I can’t remember where I read it, but someone wrote about the steps between querying and book deal. Here they are for the most part:

1. Silence 
 2. Form Rejection 
3. Page requests
4. Partial requests
5. Rejection with helpful feedback
6. Full request
7. Revise and resubmit
8. Representation offer
9. Editor Rejection
10. Editor Rejection with Feedback
11. Editor Revise and Resubmit
12. Book Deal

When I read the steps, I was just starting to query my first novel, and this list crushed my heart. The person who wrote the article said that you could skip steps, or get to step 7 with one book and only land at step 2 for the next.
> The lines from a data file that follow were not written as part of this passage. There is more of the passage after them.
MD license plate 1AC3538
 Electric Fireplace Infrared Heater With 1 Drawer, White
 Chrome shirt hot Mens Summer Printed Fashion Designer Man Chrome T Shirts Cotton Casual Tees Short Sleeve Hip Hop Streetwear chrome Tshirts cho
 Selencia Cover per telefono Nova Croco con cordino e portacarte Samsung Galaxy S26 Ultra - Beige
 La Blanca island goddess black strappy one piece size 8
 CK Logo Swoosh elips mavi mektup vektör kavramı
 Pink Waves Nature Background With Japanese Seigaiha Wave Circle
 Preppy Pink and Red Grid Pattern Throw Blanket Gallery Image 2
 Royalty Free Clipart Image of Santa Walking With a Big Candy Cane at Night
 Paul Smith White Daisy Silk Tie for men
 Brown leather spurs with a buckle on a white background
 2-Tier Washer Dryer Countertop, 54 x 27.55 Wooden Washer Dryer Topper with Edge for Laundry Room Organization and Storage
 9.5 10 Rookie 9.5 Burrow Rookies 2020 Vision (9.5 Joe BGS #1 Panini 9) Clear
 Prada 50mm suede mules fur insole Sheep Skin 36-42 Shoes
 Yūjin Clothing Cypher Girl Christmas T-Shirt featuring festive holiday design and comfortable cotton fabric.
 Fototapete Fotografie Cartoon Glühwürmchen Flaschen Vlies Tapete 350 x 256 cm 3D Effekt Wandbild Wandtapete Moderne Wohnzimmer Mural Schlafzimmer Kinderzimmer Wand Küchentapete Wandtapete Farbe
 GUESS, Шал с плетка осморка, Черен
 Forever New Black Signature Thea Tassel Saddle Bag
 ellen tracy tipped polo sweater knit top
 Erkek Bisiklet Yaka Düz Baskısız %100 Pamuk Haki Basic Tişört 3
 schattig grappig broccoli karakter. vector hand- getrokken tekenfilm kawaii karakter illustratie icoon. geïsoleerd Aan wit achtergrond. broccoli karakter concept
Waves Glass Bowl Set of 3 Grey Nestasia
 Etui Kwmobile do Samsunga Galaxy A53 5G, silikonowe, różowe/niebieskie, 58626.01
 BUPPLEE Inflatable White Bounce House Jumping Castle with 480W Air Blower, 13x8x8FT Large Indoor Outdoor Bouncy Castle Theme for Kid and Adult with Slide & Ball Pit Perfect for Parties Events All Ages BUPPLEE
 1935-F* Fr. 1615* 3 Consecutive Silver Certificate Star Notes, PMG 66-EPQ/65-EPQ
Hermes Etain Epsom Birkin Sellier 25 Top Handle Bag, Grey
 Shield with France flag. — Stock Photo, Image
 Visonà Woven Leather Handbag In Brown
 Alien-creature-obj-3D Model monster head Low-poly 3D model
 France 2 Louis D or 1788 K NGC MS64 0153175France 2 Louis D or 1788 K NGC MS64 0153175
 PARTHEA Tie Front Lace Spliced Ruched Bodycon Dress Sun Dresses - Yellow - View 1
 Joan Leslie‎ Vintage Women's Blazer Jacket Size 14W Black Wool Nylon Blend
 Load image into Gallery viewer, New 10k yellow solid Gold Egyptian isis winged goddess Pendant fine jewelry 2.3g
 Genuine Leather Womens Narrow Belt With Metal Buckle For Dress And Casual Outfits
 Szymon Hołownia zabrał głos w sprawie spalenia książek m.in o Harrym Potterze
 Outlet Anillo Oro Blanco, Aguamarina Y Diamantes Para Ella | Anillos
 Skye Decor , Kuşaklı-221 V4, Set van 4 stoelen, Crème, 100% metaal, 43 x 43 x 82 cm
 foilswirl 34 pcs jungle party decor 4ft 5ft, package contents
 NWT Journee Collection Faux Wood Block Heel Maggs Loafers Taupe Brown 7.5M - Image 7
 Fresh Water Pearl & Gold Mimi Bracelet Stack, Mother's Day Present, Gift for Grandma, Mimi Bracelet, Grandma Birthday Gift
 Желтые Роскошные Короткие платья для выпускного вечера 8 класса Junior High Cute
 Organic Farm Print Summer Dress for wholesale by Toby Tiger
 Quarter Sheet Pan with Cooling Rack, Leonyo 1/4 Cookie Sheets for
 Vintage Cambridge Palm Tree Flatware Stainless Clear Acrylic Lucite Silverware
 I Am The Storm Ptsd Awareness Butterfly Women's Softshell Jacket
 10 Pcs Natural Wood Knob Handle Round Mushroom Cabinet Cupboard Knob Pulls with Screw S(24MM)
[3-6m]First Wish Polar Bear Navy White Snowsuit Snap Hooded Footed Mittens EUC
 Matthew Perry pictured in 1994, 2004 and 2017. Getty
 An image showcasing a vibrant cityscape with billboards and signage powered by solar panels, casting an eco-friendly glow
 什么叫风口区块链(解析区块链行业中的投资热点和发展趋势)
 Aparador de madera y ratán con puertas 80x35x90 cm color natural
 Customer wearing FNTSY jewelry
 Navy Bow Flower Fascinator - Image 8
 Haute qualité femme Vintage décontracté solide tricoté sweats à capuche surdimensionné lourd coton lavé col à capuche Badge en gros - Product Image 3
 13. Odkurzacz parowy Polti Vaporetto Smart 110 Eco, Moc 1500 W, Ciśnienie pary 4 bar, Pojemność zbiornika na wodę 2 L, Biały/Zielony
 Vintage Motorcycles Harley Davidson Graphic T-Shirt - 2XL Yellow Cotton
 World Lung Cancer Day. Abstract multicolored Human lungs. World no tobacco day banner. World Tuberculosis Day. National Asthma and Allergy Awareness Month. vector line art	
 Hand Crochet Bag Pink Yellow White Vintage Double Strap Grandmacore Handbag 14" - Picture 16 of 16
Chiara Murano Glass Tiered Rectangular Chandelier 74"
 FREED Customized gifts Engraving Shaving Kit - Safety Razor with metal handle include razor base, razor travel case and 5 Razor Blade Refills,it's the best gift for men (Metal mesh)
The article said you could skip right to step 6, or get stuck in the trap at step 5. It said you could bypass steps 1 through 8 and go right to small presses.

In writing people talk about coping with silence, form rejections, and even quite a few people talk about revise and resubmit (and boy howdy there are plenty of people who talk about representation, book deals and being on submission). I don’t see a lot of people talking about number five up there. I think this is probably because all the advice says to keep this stuff off your blog etc. etc.

I’m a rule breaker.

My first novel stalled out at page requests. I hoped my second novel would do better, and it did: partials! Yay! But still not representation.

I kept reading all the blogs that talked about querying their first novel and getting full requests and book deals in a couple of days. It made me feel defective. I kept ready blogs about the querying process, and they all said: pay attention to the personalized feedback you get; it’s golden. Except I’d never had personalized feedback. I thought it was a myth.

Until I got some. Buckets, actually. I got so much feedback I didn’t know what to do with it (none of it agreed).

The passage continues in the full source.